Top of Exercise data

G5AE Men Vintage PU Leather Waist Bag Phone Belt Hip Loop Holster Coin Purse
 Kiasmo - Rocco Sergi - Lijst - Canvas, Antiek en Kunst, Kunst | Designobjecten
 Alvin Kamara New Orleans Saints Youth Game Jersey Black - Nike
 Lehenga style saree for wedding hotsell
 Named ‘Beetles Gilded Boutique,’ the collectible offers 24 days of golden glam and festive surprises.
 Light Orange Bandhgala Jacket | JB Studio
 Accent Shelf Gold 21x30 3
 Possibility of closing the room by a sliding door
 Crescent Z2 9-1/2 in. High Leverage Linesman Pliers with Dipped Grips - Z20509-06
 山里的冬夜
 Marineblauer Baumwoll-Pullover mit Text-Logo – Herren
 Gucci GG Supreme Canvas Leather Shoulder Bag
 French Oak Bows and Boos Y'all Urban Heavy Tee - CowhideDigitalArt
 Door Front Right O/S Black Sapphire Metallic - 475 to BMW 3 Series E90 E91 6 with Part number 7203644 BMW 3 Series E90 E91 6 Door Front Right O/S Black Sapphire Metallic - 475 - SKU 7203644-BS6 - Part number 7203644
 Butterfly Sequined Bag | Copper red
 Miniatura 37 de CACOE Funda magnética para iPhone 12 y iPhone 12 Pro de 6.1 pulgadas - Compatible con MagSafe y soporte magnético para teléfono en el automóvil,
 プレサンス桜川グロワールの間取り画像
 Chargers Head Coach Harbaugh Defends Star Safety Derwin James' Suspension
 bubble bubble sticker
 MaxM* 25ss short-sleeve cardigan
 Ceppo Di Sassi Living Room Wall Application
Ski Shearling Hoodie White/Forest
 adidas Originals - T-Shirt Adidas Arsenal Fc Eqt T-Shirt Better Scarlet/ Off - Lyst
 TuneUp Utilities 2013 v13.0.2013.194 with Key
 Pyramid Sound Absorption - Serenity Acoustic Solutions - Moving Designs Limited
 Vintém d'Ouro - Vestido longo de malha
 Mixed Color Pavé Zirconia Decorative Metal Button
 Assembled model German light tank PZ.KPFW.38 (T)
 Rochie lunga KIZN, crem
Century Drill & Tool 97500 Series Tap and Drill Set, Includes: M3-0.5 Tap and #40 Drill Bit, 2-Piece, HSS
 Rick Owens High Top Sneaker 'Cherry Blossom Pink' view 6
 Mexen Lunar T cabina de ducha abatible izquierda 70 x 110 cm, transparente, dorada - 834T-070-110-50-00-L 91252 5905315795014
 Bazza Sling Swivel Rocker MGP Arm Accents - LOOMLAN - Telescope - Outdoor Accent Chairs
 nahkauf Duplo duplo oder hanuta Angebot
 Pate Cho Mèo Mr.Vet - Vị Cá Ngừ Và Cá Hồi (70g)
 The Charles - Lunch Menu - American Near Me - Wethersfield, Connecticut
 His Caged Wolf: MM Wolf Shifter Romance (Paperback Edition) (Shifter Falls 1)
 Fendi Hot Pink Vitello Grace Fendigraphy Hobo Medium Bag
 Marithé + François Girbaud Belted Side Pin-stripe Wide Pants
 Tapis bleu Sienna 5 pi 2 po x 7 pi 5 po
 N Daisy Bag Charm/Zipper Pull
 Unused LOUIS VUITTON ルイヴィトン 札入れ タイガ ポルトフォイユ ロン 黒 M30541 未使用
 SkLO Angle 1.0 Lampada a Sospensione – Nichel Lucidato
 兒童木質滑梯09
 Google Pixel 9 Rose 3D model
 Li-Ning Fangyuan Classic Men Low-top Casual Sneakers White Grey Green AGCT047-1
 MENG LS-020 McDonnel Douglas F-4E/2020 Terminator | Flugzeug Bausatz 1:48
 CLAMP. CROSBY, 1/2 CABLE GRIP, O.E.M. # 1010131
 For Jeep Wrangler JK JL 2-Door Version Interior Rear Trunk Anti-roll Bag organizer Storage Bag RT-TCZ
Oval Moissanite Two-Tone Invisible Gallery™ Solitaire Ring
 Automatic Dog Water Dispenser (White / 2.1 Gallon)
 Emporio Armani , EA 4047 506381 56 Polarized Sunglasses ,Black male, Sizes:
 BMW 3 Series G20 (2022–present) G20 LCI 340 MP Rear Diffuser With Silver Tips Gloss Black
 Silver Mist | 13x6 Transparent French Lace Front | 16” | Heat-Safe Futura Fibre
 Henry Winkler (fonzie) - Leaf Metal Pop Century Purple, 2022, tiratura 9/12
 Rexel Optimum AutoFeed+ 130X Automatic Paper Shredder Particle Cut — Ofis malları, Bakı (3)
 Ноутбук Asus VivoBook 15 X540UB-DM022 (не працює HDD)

Bottom of Exercise data

All lines in the data above from the one with "Li-Ning Fangyuan Classic" through the one with "Silver Mist |" must be repeated exactly, and no others.

— Output below —
 Li-Ning Fangyuan Classic Men Low-top Casual Sneakers White Grey Green AGCT047-1
 MENG LS-020 McDonnel Douglas F-4E/2020 Terminator | Flugzeug Bausatz 1:48
 CLAMP. CROSBY, 1/2 CABLE GRIP, O.E.M. # 1010131
 For Jeep Wrangler JK JL 2-Door Version Interior Rear Trunk Anti-roll Bag organizer Storage Bag RT-TCZ
Oval Moissanite Two-Tone Invisible Gallery™ Solitaire Ring
 Automatic Dog Water Dispenser (White / 2.1 Gallon)
 Emporio Armani , EA 4047 506381 56 Polarized Sunglasses ,Black male, Sizes:
 BMW 3 Series G20 (2022–present) G20 LCI 340 MP Rear Diffuser With Silver Tips Gloss Black
 Silver Mist | 13x6 Transparent French Lace Front | 16” | Heat-Safe Futura Fibre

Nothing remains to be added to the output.